R.M.N pourrait être le sigle de la Roumanie, mais il signifie aussi I.R.M en roumain. Ce nouveau film de Cristian Mingiu – réalisateur roumain trois fois primé à Cannes – tient les promesses de son titre en livrant une radiographie à fleur de peau de ce qu’est devenu l’Europe, en exploitant un faits divers bien réel qui s’est produit en 2020 dans un petit village roumain. Le village où se situe l’action est à des lieux du rêve communautaire ERASMUS de l’Auberge Espagnole, mais cette vision pessimiste du creuset nous parle, car de telles divisions touchent de façon galopante tous les pays de l’Europe. Mingiu a choisi un anti-héros ordinaire, en apparence intégré, mais qui représente – dans son essence – l’isolement de celui qui n’a pas de vraie communauté.

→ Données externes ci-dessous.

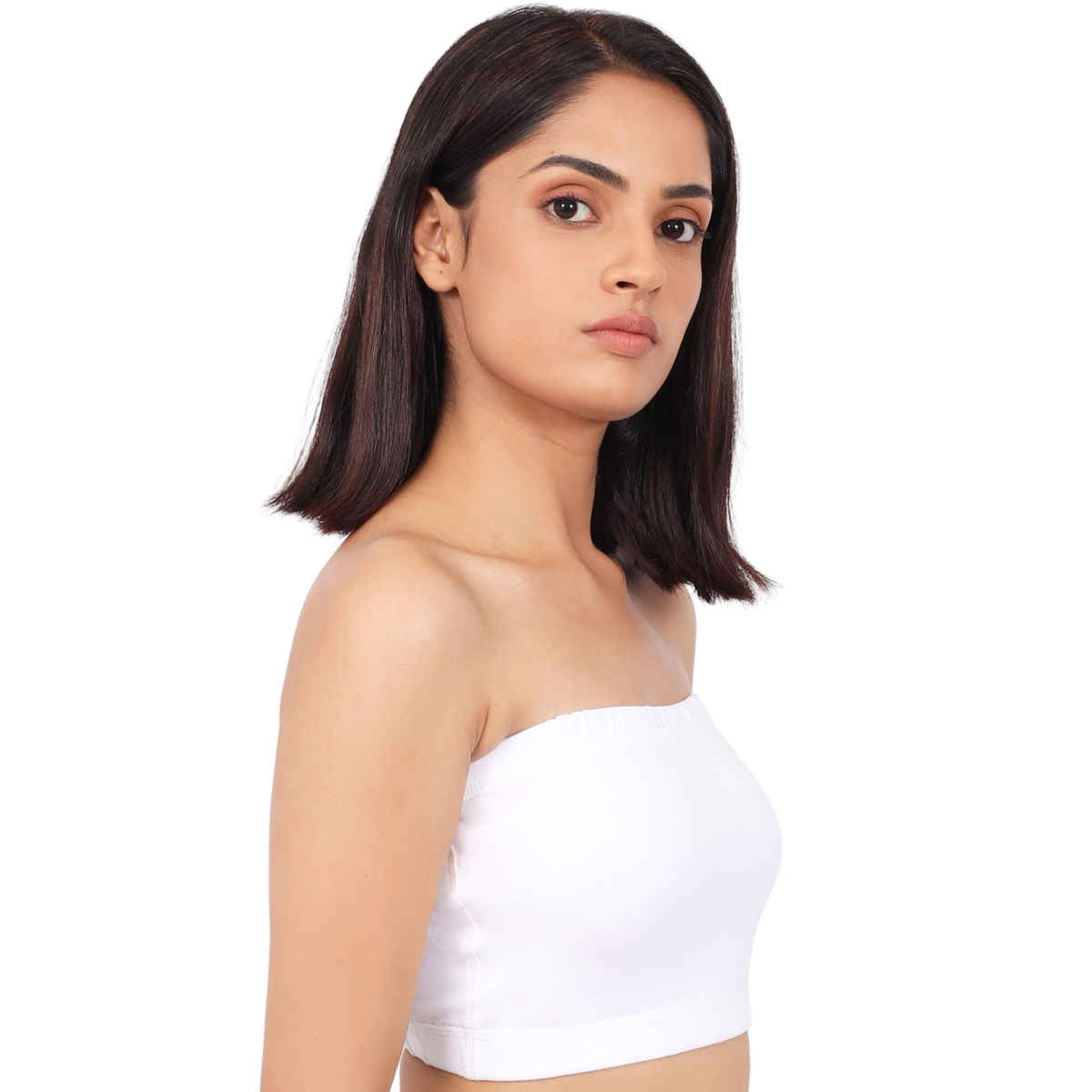 D'chica Double-Layer Cotton Strapless Bra | Non Padded Bandeau | Solid White - L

Très tôt, on comprend que Mathias est roumain, avant de penser qu’il est hongrois, puis de découvrir peu à peu qu’il ne l’est qu’à travers sa belle-famille, ses ancêtres étant originaires d’Allemagne. Cette découverte apporte rétrospectivement une triste ironie à la rixe du début du film. L’homme s’est retrouvé émigré économique dans le pays de ses ancêtres, et traité de gitan (une insulte pour les roumains). Il traîne ensuite en permanence une attitude de retrait, mélange d’agressivité passive et de questionnement. Une attitude qui dissimule peu l’incompréhension patente de son environnement. Aussi, lorsqu’il s’attache sincèrement à Csilla, il ne la défend pas dans sa lutte pour protéger les Sri Lankais. De la même façon, il espère lutter contre le mutisme de son fils en lui inculquant ce qu’on lui a appris pour être un Homme. Alors même que le gamin semble visiblement habité par la peur, à l’image d’une grande partie des adultes de son village, et son repli est proche de celui de son père.

Cristian Mingiu exprime sans retenue la peur d’une communauté retournée en agressivité contre l’étranger, mais cela ne semble pas encore assez. Dans un plan séquence de vingt minutes où il pose sa caméra, il décrit l’assemblée des villageois pour trancher le problème des nouveaux venus. Le spectateur se retrouve face à une juxtaposition de clichés et de mauvaise foi, sans qu’à aucun moment, un commencement de discussion n’ait émergé. On pourrait dire la même chose des « débats » qui ont cours sur nos chaînes infos, mais ici il n’y a ni confort du montage ou d’autres éléments qui peuvent créer une distance. Le spectateur se retrouve contraint de rester au beau milieu de cette impasse de dialogue. Dérangeant et habile, ce plan séquence multiplie les points de vue (il y’a même un français issu d’une ONG) pour cristalliser l’ensemble des maux démontrés depuis le début du film. Dans un monde contraint par la loi économique, l’idéal est un être humain qui s’adapte en permanence. Que celui-ci puisse on non s’adapter, le monde avance, et les coups seront d’autant plus forts pour ceux qui sont au plus bas de l’échelle alimentaire globale. Le film comporte en lui-même un grand paradoxe qui montre l’ampleur du cercle vicieux : Bien qu’ eux même émigrés et chrétiens, les hongrois de cette communauté sont les plus enclins à exclure plus déraciné qu’eux.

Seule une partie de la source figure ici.